From discussion with Jörg (@joergboe), Michael (@m-kotowski) and Mark ( @markheger): There might be a better solution than creation of smaller, more specific toolkits instead of big ones. Streams should leverage known dependencies and only bundle libs that are really needed by used toolkit operators/functions - not always all libs that come with a toolkit.

m-kotowski commented 7 years ago

The issue is probably also valid for operators having dependencies to dynamic link libraries (.so) that are part of the toolkit.

As described here, you can specify per toolkit, which toolkit files and folders shall be included in the sab file (<sabFiles>), in addition to the files and folders being included by default.

On operator level, you can also specify dependencies, for example, using the @Libraries Java annotation or the <libraryDependencies> XML element in the operator XML. Too minimize the size of sab files, the sab bundler could utilize these operator-specified dependencies. But, this is something, which can be implemented in the IBM Streams product only.

This issue raises another question: Should a toolkit contain dependent libraries (.jar or .so), or should it specify the dependencies only? See the DPS toolkit's issue 16 for a case, where having dependent libraries in a toolkit results in problems.

From my point of view, if a dependency exists and if the dependent library belongs to a package that can be downloaded and installed separately, I would prefer to go this way instead of having a bundled copy in the toolkit. This approach requires more admin actions before you can use a toolkit, but it seems also to reduce/remove the size and clash problems.

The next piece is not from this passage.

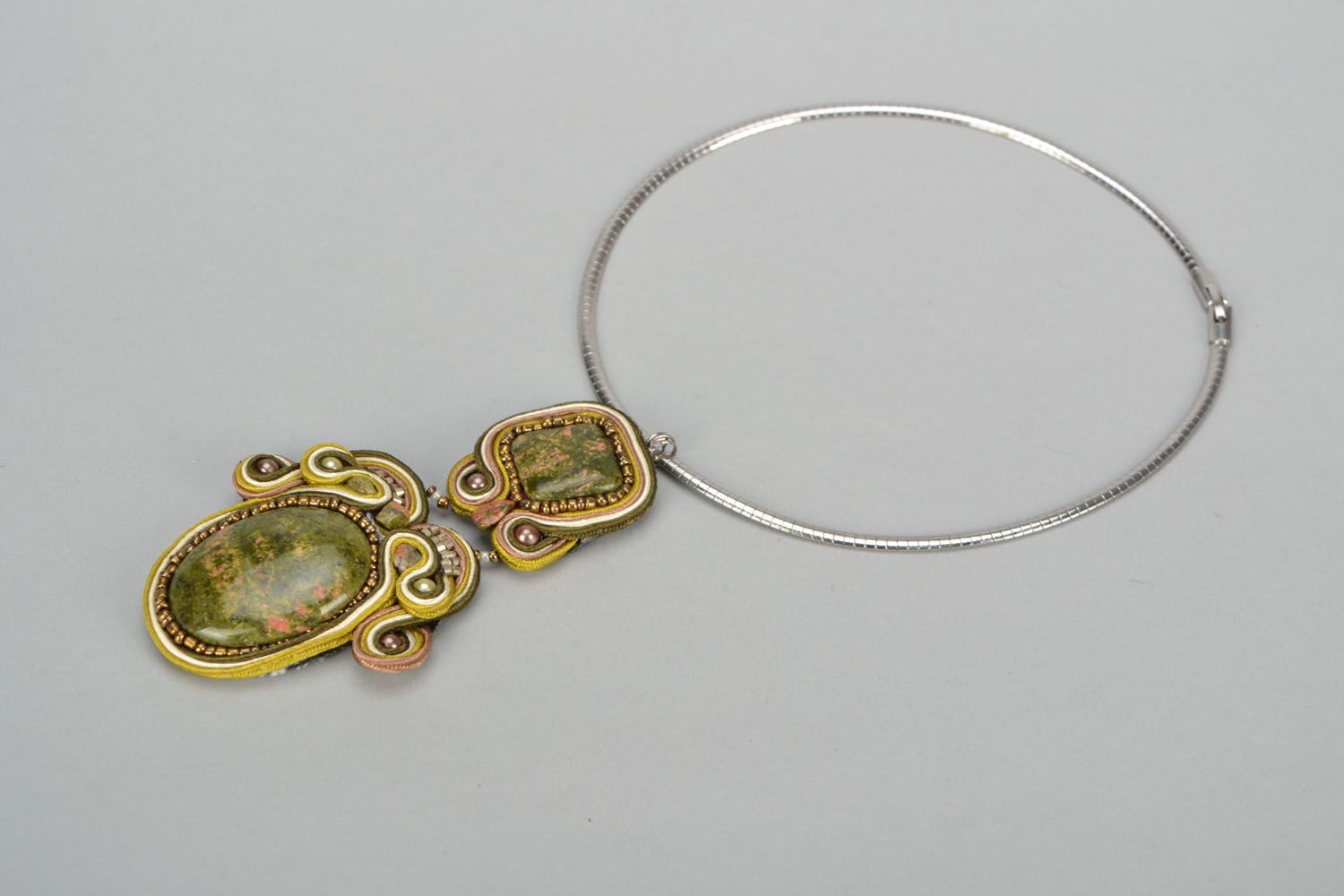 Soutache necklace with green jasper photo 2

mikespicer commented 7 years ago

FYI, we are also looking at being able to register toolkits with a domain or instance. Many details to be worked out, but the basic idea is that we would allow users to specify which dependencies should be included in the bundle and which should be resolved at submission time (with a failure if they cannot be resolved).

chanskw commented 7 years ago

I am going to close this as I do not think this can be resolved in the Github IBMStreams organization.